There are some quotes below, and the whole talk is available here http://shirky.com/writings/group_enemy.html.
I think what is most interesting here is what Clay says about the tension between usability and protecting the core community. Basically, he's saying that if you make it super-easy for new people to participate across-the-board (if you just rip out all barriers to participation), you risk the existing core community getting overwhelmed and destroyed. Clay argues for graduated layers of participation -- where some things are easy, but other things are inaccessible or hidden from view until the user has gained some experience.
I think this fits neatly with 1) the thinking FT2 and others are doing about creating a "senior editor" role, and 2) the thinking the usability project is doing about hiding advanced functionality from new people.
"It's pretty widely understood that anonymity doesn't work well in group settings, because "who said what when" is the minimum requirement for having a conversation. What's less well understood is that weak pseudonymity doesn't work well, either. Because I need to associate who's saying something to me now with previous conversations."
"[Y]ou have to design a way for there to be members in good standing. Have to design some way in which good works get recognized. The minimal way is, posts appear with identity. You can do more sophisticated things like having formal karma or "member since."
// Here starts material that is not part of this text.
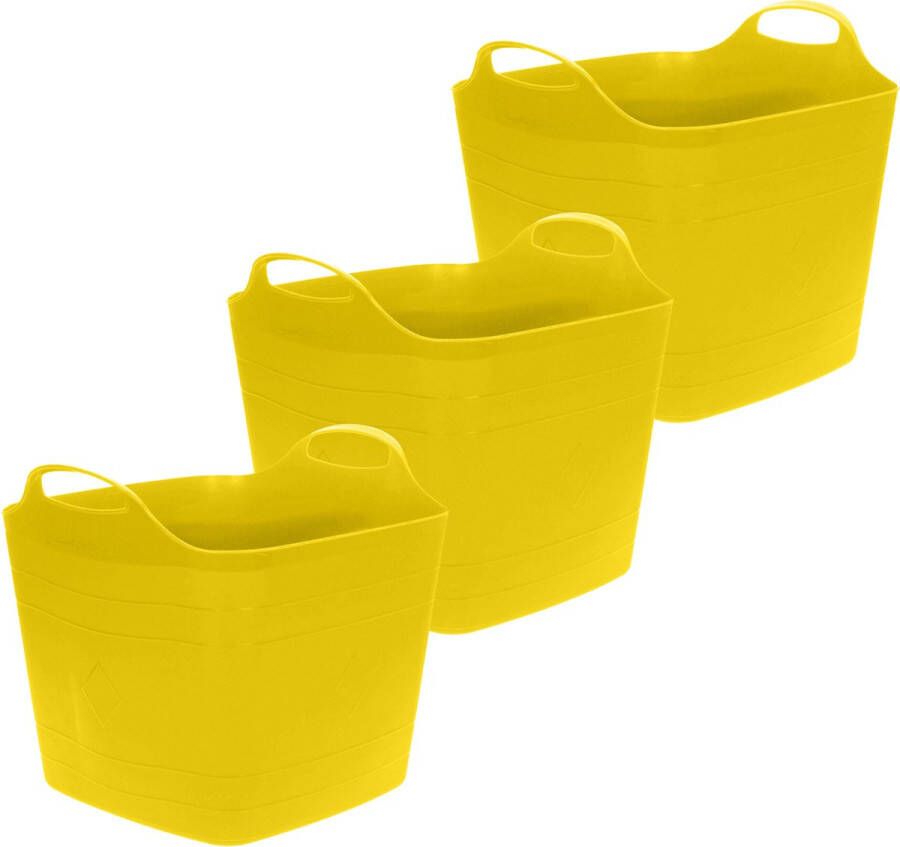 Excellent Houseware Flexibele emmer 3x geel 25 liter kunststof vierkant 35 x 38 cm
I'm on the fence about whether or not this is a design or accepting. Because in a way I think members in good standing will rise. But more and more of the systems I'm seeing launching these days are having some kind of additional accretion so you can tell how much involvement members have with the system."
"[Y]ou need barriers to participation. This is one of the things that killed Usenet. You have to have some cost to either join or participate, if not at the lowest level, then at higher levels. There needs to be some kind of segmentation of capabilities.
Now, the segmentation can be total -- you're in or you're out, as with the music group I just listed. Or it can be partial -- anyone can read Slashdot, anonymous cowards can post, non-anonymous cowards can post with a higher rating. But to moderate, you really have to have been around for a while.
It has to be hard to do at least some things on the system for some users, or the core group will not have the tools that they need to defend themselves."
I think there's a lot of merit in this idea.
Having totally free entry and exit may be good to grow the appendages of the community, but it can seriously damage the community's backbone. (How's that for a community health metaphor?) I've seen it even in big disputes, where you actually have 20 people locked in a controversial discussion for months, and eventually arrive at an agreement... and just as they're about to implement the changes, 15 more people jump in and say "no compromise!" Meanwhile, they weren't there for months trying to understand all the different issues in the debate, and trying to find a way to reconcile all of it. I'm not sure that we want to exclude people from discussions, but we know that it's impossible to hammer out a tough issue in the current environment.
And I think we can harmonize two goals here. Newbies often have a bad experience because they get into trouble. And the core community is often disrupted by editors who refuse to set aside their personal opinions to work together. A little bit of hierarchy would actually protect new users from misusing relatively advanced concepts, and also give a little more weight to our best volunteers to help them get things done.